Cunningham relished the juxtaposition of dissimilar elements—he paired dances with musical scores that bore no relationship to one another, and used chance to determine how a dancer might move his arm in contradiction to his leg—so although they might seem humdrum by today's standards, the effects in Assemblage also capture Cunningham's palpable excitement for the choreographic possibilities of manipulating filmic time and space. The architecture of Ghirardelli Square provides a maze of danceable spaces: corridors, ladders and open patios. The landscape is shot through with a mix of blinding sun and deep shadow; the footage sometimes makes you want to squint.

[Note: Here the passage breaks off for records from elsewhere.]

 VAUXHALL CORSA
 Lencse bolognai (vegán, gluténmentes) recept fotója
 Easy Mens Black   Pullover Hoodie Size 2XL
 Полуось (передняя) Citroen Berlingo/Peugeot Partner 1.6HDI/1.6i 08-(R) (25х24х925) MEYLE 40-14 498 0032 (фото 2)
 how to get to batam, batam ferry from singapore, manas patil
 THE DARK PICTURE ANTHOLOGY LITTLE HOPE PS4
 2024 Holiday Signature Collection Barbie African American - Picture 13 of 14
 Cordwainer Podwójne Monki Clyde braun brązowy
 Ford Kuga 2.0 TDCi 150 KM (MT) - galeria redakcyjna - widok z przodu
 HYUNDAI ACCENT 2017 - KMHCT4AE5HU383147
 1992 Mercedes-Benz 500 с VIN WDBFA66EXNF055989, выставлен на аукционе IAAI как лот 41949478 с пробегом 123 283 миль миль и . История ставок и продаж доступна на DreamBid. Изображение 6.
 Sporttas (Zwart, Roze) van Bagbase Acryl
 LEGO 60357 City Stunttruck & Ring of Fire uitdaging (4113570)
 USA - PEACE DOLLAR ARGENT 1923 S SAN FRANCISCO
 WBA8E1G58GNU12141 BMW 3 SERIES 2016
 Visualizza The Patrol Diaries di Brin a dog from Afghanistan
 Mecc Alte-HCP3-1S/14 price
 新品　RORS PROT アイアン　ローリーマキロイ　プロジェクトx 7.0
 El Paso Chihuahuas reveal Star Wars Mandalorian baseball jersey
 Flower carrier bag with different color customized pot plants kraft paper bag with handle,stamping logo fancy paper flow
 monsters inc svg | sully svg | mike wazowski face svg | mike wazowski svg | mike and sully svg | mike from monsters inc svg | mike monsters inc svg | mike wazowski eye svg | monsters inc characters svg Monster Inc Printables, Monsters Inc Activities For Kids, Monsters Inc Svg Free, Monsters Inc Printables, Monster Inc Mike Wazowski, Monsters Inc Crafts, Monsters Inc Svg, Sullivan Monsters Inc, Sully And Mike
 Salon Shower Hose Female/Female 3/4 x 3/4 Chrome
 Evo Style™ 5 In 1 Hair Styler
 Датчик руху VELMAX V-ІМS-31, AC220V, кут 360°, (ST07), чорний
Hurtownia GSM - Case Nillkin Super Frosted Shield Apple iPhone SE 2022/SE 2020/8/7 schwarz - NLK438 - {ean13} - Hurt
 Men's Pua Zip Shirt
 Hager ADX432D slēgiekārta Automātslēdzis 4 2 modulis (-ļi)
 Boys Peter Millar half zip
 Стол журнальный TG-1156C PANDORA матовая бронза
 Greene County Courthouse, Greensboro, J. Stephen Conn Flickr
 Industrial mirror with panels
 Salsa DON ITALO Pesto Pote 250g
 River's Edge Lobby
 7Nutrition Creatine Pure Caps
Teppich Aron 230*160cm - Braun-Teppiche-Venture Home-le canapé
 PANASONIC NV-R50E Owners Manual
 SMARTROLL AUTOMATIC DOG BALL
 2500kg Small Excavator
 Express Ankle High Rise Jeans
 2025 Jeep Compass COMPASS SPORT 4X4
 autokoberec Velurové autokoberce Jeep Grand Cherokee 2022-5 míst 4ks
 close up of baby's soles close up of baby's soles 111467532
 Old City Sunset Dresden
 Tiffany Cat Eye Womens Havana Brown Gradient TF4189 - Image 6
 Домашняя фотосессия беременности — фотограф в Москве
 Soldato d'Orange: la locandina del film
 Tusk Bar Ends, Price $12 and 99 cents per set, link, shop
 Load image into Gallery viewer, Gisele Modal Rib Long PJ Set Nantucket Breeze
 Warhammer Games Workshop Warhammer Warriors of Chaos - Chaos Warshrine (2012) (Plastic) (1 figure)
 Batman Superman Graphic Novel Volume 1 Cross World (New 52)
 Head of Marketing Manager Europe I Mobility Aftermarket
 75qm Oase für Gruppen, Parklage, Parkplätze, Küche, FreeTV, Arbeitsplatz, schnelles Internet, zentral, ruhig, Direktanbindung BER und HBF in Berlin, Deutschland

The score, by John Cage, David Tudor and Gordon Mumma, is a cacophonic, burbling mash-up of found sounds recorded around San Francisco. There are garbled voices, radio ads, street performers and bird sounds. That particular Bay Area mixture of sun and clouds backed by droning and babbling is reminiscent of Francis Ford Coppola's 1974 film The Conversation, a film about a lonely man in a sunny city, a private eye obsessed with an audio recording of a mysterious exchange. Something ominous, too, hovers in the periphery of Assemblage—you feel as though you should be looking for something. In one shot, a couple of dark-suited men stand watching the action as though transfixed; perhaps they felt that way, too.